Reuters / Andrew Winning
A spelling blunder has cost the government almost £9 million and caused the demise of a successful 124-year-old, family-run business that took five generations to build.

Britain’s High Court ruled Wednesday that registrar Companies House caused Taylor & Sons, a successful Welsh engineering firm, to collapse after it accidentally recorded it as being in liquidation.

An executive government agency, Companies House incorporates and liquidates UK firms and publishes data firms are legally obliged to disclose.

On this occasion, an extremely costly “s” was inserted into the trade name of a company that had been liquidated in 2009.

“Taylor and Son” was accidentally published as “Taylor and Sons” on the Companies House website, marked as “liquidated.”

The Welsh firm, Taylor and Sons, subsequently suffered acute financial losses.

The government agency attempted to correct its error several days later, but its efforts were in vain. A legal firestorm ensued.

Philip Davidson-Sebry, the former managing director of Taylor and Sons, sued Companies House for “false publication” when the firm was forced to make 250 of its employees redundant.

Companies House refused to admit any liability for the error.

Lawyers for Taylor & Sons told the High Court the Welsh business suffered “devastating” financial consequences as a result of the spelling mistake.

The firm’s credit agencies and suppliers withdrew their services when they saw Companies House’s online claim that the firm had folded, they said.

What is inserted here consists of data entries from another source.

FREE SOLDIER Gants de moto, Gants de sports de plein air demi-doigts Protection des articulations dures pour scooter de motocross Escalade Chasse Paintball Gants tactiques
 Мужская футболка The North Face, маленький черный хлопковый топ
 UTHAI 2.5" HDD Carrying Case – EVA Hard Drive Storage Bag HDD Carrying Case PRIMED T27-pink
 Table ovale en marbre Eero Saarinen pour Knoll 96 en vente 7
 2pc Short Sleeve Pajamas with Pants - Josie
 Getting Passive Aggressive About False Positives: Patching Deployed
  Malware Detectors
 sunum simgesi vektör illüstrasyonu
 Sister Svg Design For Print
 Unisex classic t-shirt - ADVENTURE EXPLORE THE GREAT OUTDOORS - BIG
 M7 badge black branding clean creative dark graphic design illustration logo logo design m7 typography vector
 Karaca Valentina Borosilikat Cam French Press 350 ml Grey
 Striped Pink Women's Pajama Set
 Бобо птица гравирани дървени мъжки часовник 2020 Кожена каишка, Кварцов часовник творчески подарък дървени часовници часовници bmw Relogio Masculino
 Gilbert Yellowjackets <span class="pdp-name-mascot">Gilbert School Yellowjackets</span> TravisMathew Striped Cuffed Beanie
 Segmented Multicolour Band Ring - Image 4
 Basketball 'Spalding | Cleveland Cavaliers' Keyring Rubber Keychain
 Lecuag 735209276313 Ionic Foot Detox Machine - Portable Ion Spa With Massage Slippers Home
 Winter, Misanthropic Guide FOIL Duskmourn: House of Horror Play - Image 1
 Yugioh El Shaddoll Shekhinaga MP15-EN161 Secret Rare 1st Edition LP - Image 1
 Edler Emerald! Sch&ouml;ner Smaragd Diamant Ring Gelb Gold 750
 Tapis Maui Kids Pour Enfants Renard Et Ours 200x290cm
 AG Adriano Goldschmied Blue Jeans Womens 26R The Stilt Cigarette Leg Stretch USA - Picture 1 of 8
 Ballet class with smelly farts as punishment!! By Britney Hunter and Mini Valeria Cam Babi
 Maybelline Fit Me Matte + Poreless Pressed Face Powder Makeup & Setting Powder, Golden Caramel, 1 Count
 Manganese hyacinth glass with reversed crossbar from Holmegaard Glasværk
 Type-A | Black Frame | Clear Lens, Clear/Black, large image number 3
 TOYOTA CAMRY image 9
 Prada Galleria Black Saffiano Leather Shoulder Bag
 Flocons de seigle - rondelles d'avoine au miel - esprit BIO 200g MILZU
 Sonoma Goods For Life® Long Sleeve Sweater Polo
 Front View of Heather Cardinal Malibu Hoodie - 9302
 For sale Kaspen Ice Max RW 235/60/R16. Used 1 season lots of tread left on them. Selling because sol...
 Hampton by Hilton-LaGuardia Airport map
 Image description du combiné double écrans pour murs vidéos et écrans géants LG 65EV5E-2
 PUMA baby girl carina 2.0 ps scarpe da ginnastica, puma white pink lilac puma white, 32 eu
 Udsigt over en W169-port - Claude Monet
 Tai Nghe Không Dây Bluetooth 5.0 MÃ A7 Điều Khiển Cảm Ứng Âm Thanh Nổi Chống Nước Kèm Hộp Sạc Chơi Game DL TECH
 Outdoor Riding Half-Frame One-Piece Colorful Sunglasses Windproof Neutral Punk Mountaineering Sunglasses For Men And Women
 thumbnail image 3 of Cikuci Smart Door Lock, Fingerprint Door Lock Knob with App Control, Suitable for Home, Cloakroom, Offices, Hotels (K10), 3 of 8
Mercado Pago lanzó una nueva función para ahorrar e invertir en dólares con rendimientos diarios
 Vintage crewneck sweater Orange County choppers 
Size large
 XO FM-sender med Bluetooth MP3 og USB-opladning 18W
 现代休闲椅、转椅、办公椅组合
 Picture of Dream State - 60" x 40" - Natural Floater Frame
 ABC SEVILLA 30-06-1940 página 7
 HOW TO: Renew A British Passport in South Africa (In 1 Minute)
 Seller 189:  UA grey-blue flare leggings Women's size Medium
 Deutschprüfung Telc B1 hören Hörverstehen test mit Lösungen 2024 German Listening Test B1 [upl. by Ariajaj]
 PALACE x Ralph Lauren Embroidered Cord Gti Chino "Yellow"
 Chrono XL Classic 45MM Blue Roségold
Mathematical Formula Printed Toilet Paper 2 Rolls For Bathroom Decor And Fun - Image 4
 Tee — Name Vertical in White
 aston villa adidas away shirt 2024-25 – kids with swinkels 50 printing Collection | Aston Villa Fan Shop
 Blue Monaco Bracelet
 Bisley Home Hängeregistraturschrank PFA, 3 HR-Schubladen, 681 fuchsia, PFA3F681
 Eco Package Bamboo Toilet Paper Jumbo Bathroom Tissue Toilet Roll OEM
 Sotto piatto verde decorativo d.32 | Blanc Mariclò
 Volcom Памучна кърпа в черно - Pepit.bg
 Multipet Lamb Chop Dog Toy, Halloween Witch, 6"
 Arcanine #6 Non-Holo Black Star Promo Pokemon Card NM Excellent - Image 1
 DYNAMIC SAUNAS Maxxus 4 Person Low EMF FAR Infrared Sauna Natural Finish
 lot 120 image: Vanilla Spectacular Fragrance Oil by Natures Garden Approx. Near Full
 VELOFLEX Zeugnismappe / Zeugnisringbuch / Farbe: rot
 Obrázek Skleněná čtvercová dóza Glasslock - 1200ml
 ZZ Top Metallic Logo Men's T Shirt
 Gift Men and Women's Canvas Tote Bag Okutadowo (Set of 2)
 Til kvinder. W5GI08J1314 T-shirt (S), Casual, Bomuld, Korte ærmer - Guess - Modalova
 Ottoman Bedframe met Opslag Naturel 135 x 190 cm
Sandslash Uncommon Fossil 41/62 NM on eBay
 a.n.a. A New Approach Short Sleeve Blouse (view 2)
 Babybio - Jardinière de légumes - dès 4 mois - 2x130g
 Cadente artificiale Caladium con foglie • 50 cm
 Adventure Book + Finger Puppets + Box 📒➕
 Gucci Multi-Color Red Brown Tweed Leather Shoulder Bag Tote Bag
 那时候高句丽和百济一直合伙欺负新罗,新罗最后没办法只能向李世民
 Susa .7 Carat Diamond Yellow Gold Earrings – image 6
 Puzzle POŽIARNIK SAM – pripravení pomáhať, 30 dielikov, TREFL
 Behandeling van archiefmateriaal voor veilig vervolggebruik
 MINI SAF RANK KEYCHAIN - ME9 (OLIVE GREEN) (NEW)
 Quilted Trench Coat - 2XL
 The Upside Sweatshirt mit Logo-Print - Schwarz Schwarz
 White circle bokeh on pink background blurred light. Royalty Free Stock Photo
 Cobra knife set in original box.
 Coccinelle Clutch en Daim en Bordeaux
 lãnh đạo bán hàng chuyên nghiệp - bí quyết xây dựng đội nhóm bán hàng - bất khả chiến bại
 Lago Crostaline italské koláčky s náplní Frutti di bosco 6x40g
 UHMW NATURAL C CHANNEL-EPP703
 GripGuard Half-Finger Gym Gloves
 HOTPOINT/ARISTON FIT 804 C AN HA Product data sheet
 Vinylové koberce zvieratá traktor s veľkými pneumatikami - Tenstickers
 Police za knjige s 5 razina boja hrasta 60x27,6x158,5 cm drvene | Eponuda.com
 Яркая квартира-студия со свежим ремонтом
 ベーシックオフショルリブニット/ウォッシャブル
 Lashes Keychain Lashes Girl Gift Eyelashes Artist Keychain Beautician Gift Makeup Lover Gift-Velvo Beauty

Davidson-Sebry discovered the shocking news as he celebrated his wife's birthday in the Maldives.

Following months of legal wrangling, Mr Justice Edis concluded Companies House had an obligation to take “reasonable care” that orders were not registered against the wrong companies.

The High Court ruled the government body was liable for Taylor and Sons’ collapse. Davison-Sebry claimed £8.8 million by way of compensation.

The precise level of damages to be allocated to Davison-Sebry is yet to be decided, however.

The High Court noted during the proceedings the catastrophic spelling blunder was the only error of this kind ever to have been made by Companies House.